BEGIN

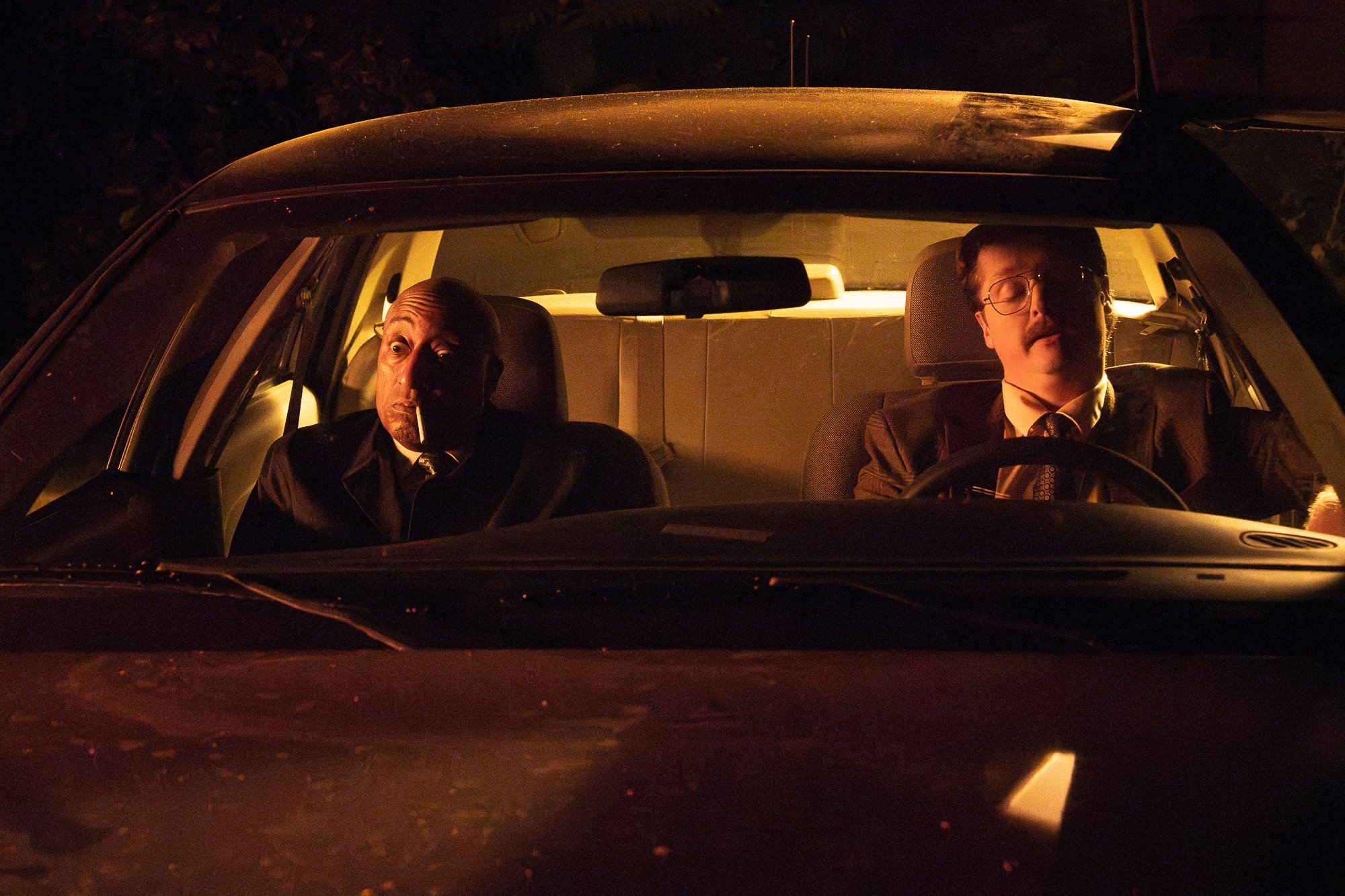 Two men are sitting in a car at night. One man is in the passenger seat, smoking a cigarette, bald with a serious expression, wearing a suit and tie. The other man is in the driver's seat, wearing glasses, also dressed in a suit and tie, with a serio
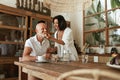 Couple Eating At Kitchen Table. Woman Feeding Vegetarian Food To Man. Family Lunch In Villa At Tropical Resort. Royalty Free Stock Photo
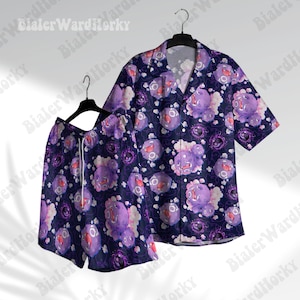 May include: A matching pajama set featuring a short-sleeved button-down shirt and shorts. The set is navy blue with a repeating pattern of purple cartoon characters with white cloud accents. The shorts have a white drawstring.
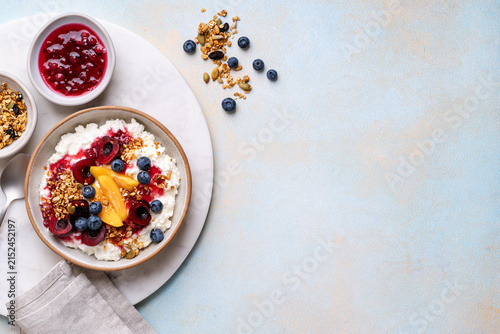 Healthy summer breakfast with cottage cheese, granola and fresh berries and homemade berry jam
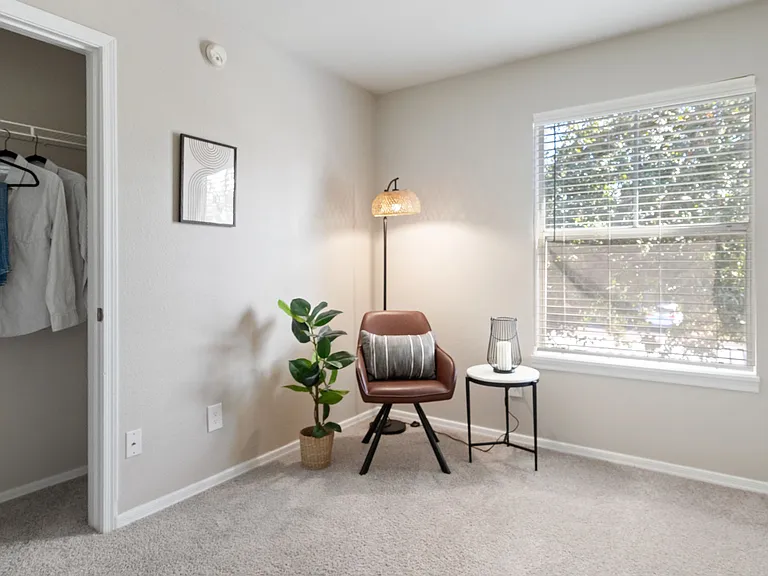 Create your perfect space in this serene and stylish bedroom with plush carpeting, a spacious closet, and a large window for natural light.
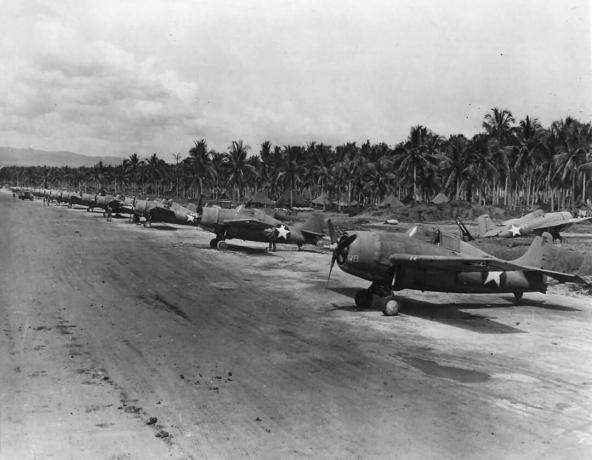 Rij van F4F Wildcats zitten langs een landingsbaan in een tropische omgeving.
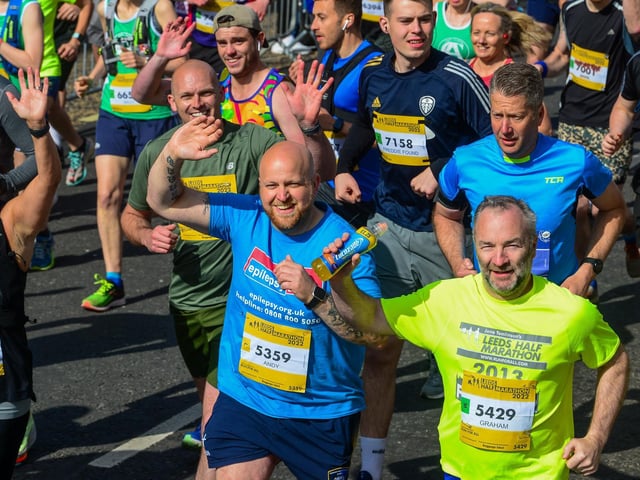 Runners wave to the camera.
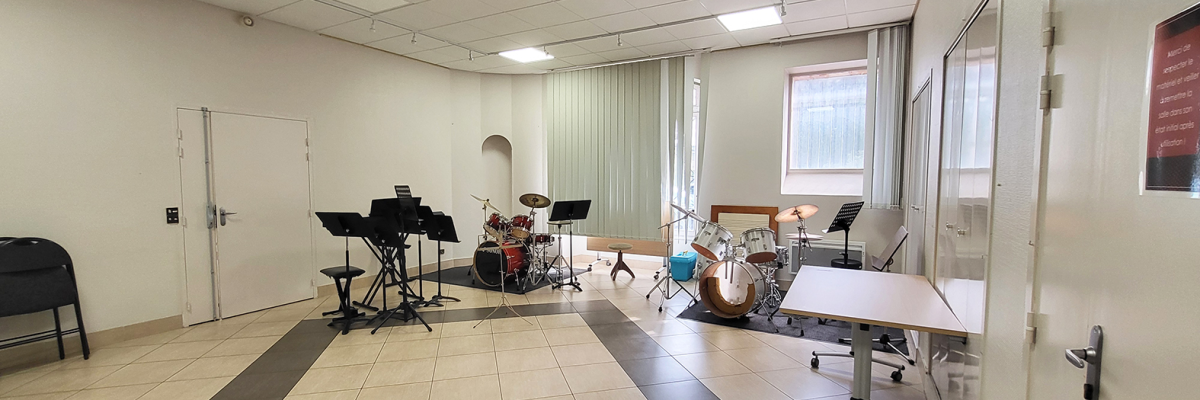 Salle de musique avec batterie, piano électrique, chaises, pupitres.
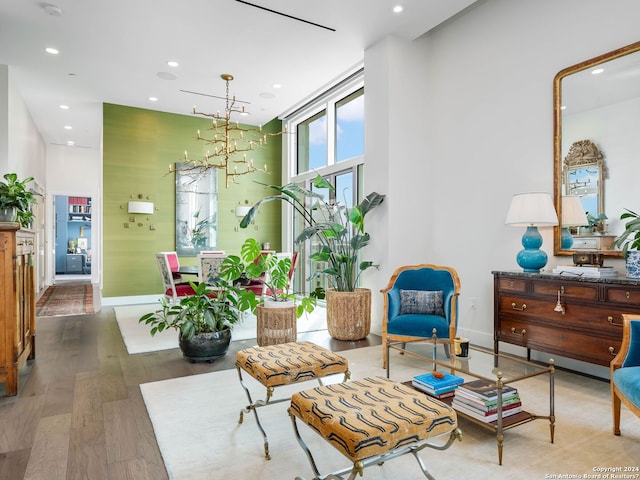 sitting room with hardwood / wood-style flooring and an inviting chandelier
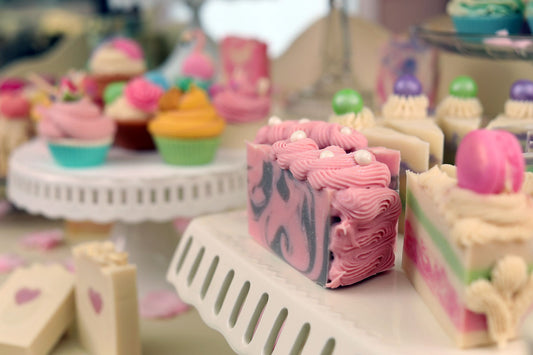Slices of colorful cake soap in the foreground and cupcake soap in the background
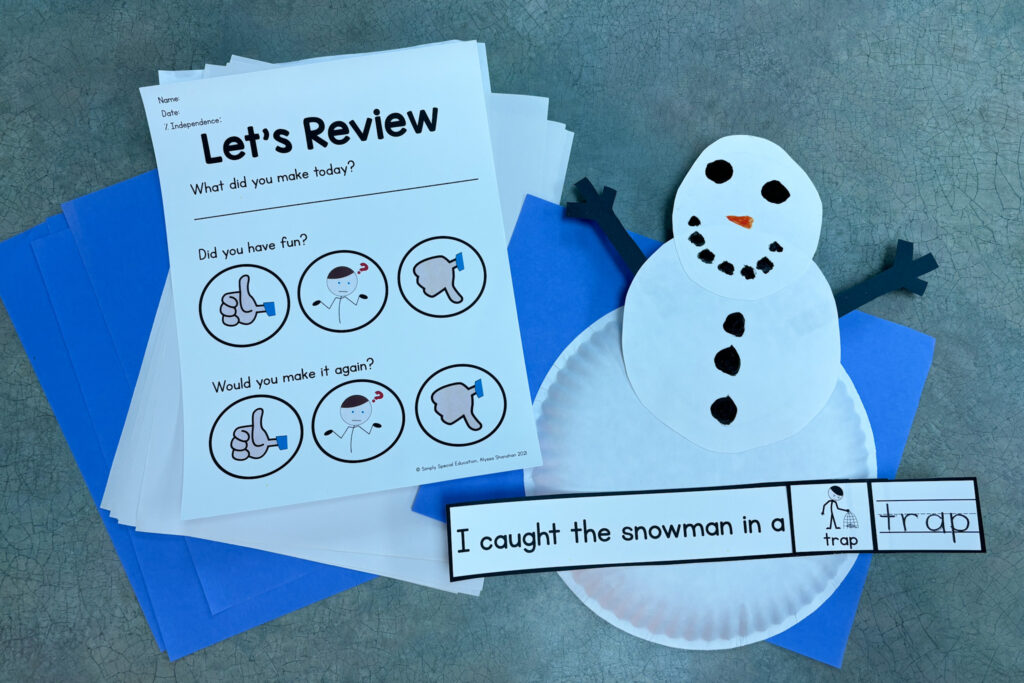 A snowman craft and a review sheet sit on a table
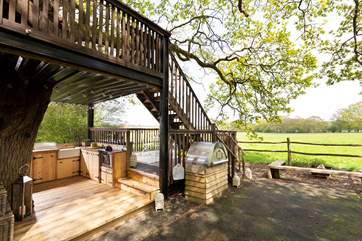 The quirky kitchen area sits just in front, where you'll also find the wood-fired pizza oven.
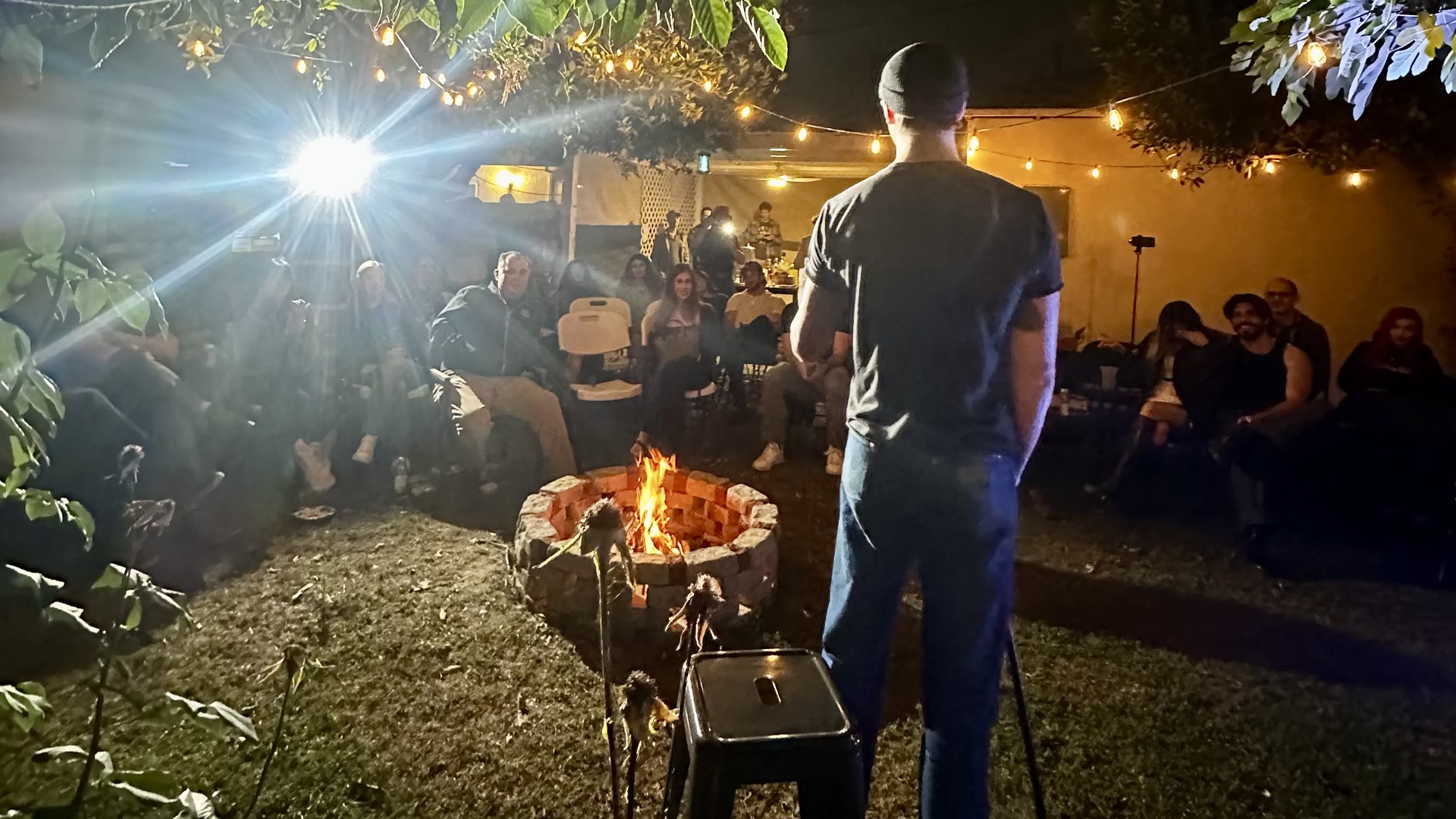 The room seen from behind the comic: a fire burning in the brick pit, the crowd in folding chairs around it, string lights overhead.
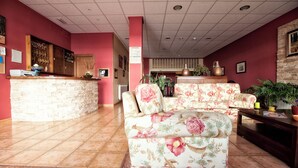Un área de recepción con mostrador de piedra, sofás florales y piso de baldosas.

END

→ Activity
Starting with the first line of the records above and stopping after the line containing "Couple Eating At", repeat every line exactly and leave out the pictures.

→ Solution to this problem
 Two men are sitting in a car at night. One man is in the passenger seat, smoking a cigarette, bald with a serious expression, wearing a suit and tie. The other man is in the driver's seat, wearing glasses, also dressed in a suit and tie, with a serio
 Couple Eating At Kitchen Table. Woman Feeding Vegetarian Food To Man. Family Lunch In Villa At Tropical Resort. Royalty Free Stock Photo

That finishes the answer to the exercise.